Especialista no solo, Daiane se destacou como um dos principais nomes da ginástica artística no início do século 21. Em parceria com o treinador ucraniano Oleg Ostapenko, criou dois movimentos que foram eternizados pela Federação Internacional de Ginástica (FIG) com seu nome: o “Dos Santos I” (duplo twist carpado) e o “Dos Santos II” (duplo twist esticado).
Ao longo de sua carreira, conquistou cinco medalhas nos Jogos Pan-Americanos, em Winnipeg (1999), Santo Domingo (2003) e Rio de Janeiro (2007), sendo duas de prata e três de bronze.
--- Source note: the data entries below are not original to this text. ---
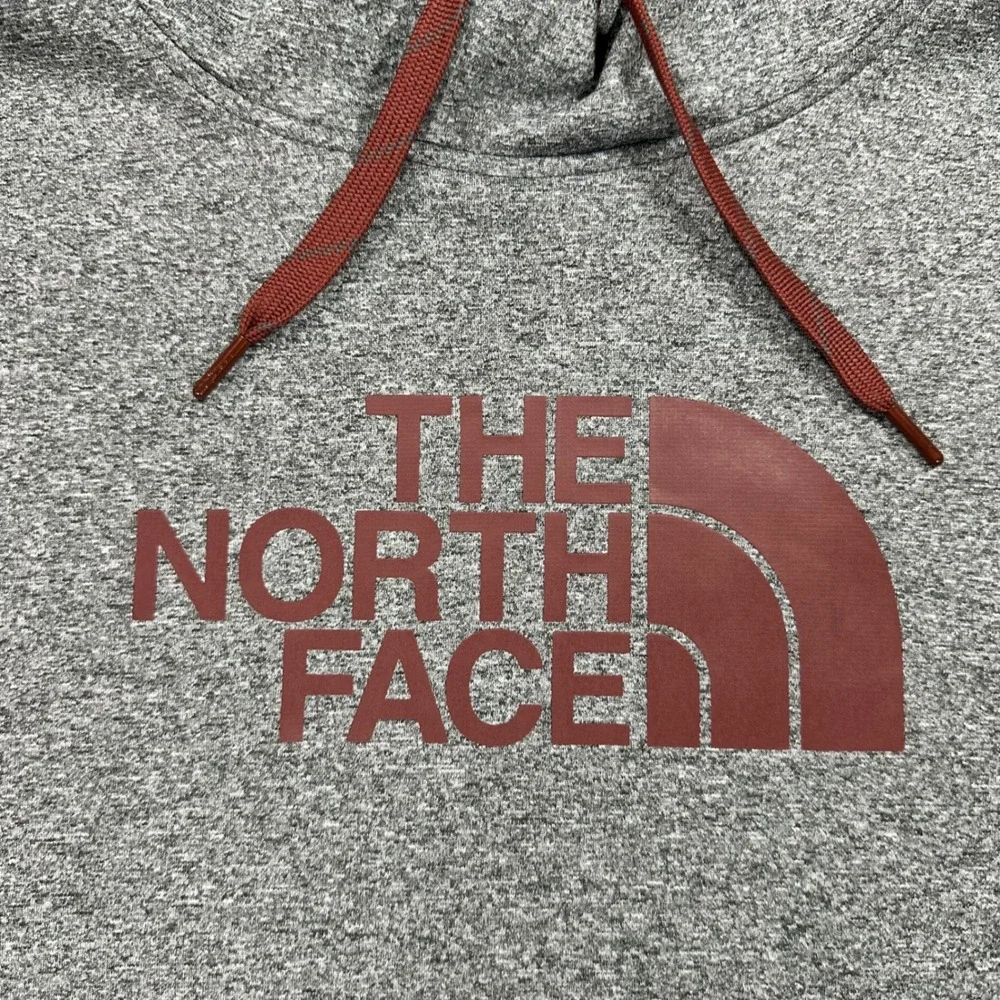 The North Face Mens XL Grey Heather Red Logo Fleece Pullover Hoodie A6S8 F14
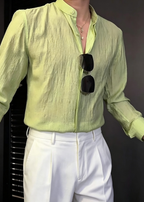 Men's Textured Linen Mandarin Collar Shirt – Lightweight Summer Casual Long Sleeve Shirt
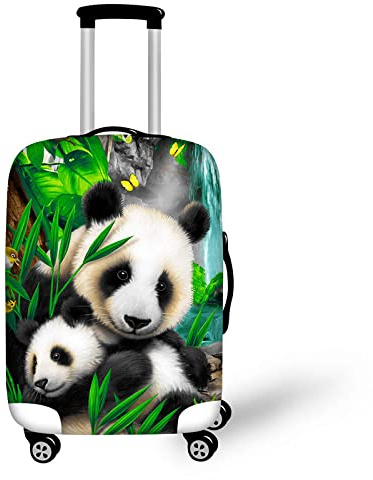 WunM Studio CE Anpassa din bild/namn/logotyp bagageöverdrag resetillbehör rolig ful djur panda delfin anpassad husdjur – bagageutrymmet passar till 45–82 cm resväska elastiska skyddande fodral, panda, M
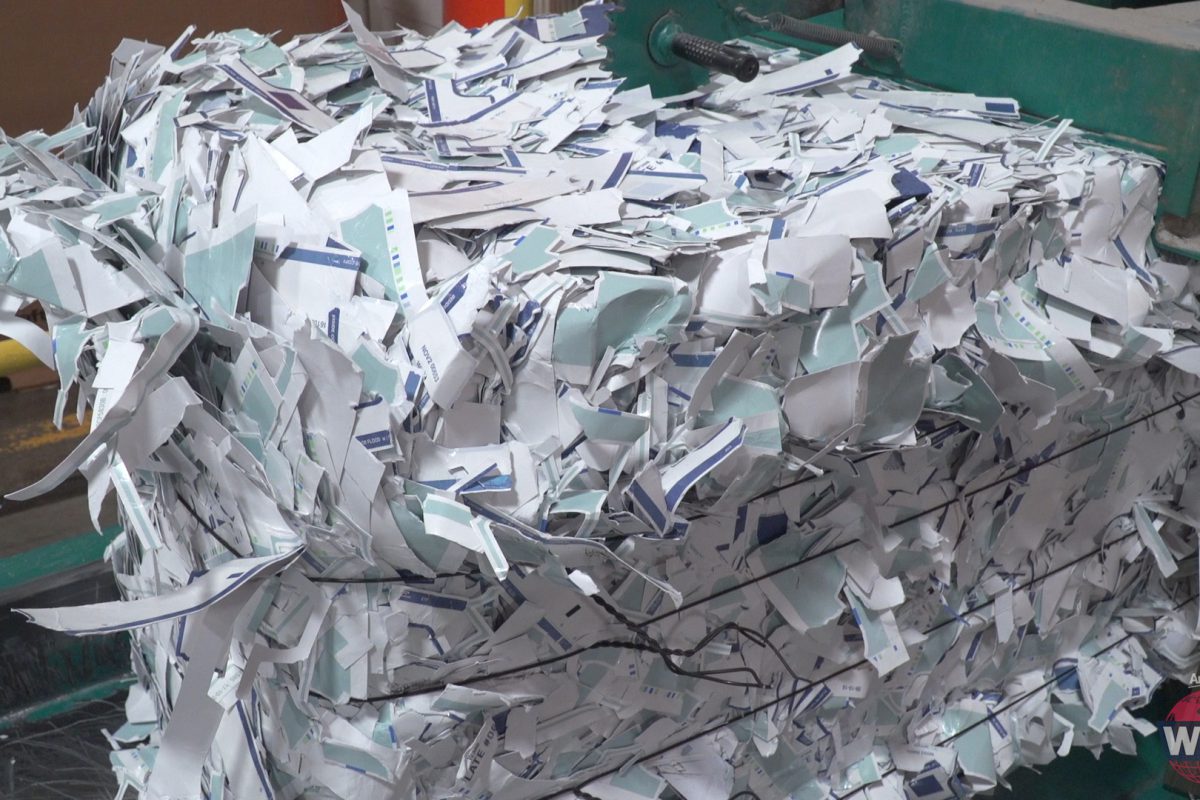 Bale of shredded paper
Foi também eternizada no Hall da Fama do Comitê Olímpico Brasileiro (COB), em 2025.
Muito além das competições, Daiane é uma inspiração para novas gerações, símbolo de dedicação, inovação e excelência no esporte. Desde sua aposentadoria, dedica-se a compartilhar experiência e conhecimento, inspirando jovens atletas e promovendo projetos de inclusão social, como o programa “Brasileirinhos”, que leva a ginástica artística a crianças e adolescentes de comunidades carentes. Também atua como comentarista em competições de ginástica pela Rede Globo e é embaixadora da ONU Mulheres.
Sua trajetória de vida inspira públicos diversos em palestras, conectando-os a temas como dedicação, representatividade, igualdade, disciplina e resiliência.
Seu legado será retratado em “A Menina que Voa”, uma cinebiografia co-produzida por uma empresa da atriz Viola Davis.